Beauty, Ugliness, and Power in African Art at the Kimbell Art Museum, Fort Worth

The Language of Beauty in African Art is a sprawling exhibition predicated on a radical proposition (for major Western museums): evaluating African sculptures from the perspective of the cultures that produced them, rather than from the viewpoint of the European cultures (and their successors) that looted and/or collected the works. This exhibition is fundamentally concerned with how these sculptures were valued and considered efficacious because of their beauty, ugliness, appropriateness, and/or power. The exhibition was on view at the Kimbell in Fort Worth through July 31, 2022.

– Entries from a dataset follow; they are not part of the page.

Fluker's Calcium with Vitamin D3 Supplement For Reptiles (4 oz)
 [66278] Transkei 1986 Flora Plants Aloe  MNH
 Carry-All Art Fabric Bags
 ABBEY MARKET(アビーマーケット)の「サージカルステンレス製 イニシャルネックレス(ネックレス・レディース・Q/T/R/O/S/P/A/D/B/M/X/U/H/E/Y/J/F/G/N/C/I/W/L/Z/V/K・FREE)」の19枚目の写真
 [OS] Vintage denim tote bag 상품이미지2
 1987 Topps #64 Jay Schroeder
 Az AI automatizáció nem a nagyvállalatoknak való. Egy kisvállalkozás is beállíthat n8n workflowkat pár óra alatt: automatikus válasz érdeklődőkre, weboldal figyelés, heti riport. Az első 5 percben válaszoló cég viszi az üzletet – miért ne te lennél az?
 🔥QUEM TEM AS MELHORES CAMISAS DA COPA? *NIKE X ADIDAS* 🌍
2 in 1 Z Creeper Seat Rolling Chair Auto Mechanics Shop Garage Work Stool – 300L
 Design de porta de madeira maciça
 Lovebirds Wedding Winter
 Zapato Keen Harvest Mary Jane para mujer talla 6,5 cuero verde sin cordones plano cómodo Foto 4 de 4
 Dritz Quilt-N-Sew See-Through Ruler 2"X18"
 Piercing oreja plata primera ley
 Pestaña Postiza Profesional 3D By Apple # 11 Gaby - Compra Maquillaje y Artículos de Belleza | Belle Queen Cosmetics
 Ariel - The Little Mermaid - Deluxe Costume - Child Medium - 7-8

In many sub-Saharan African cultures, words for beauty also signify goodness, thus endowing aesthetics with moral value. Sometimes the beautiful is a golden mean that extends to human behavior. In a Language of Beauty in African Art catalog essay titled “Beauty and Ugliness in African Art and Thought,” Wilfried van Damme notes that when Baule villagers assess anthropomorphic sculptures, they say:

Necks should be neither too long (“like a camel”), nor too short (“like a cricket”); buttocks should be neither too flat (“like a frog”), nor too developed (“like a northern woman”), and so on. … The principle of the golden mean also seems to serve as an ethical or social ideal among the Baule. Aesthetics, in short, often coincides with ethics. The beautiful is the good. It pleases the spirits. To the living, beauty is always exemplary. And, as we shall see, even frightening and/or ugly sculptures have important social functions.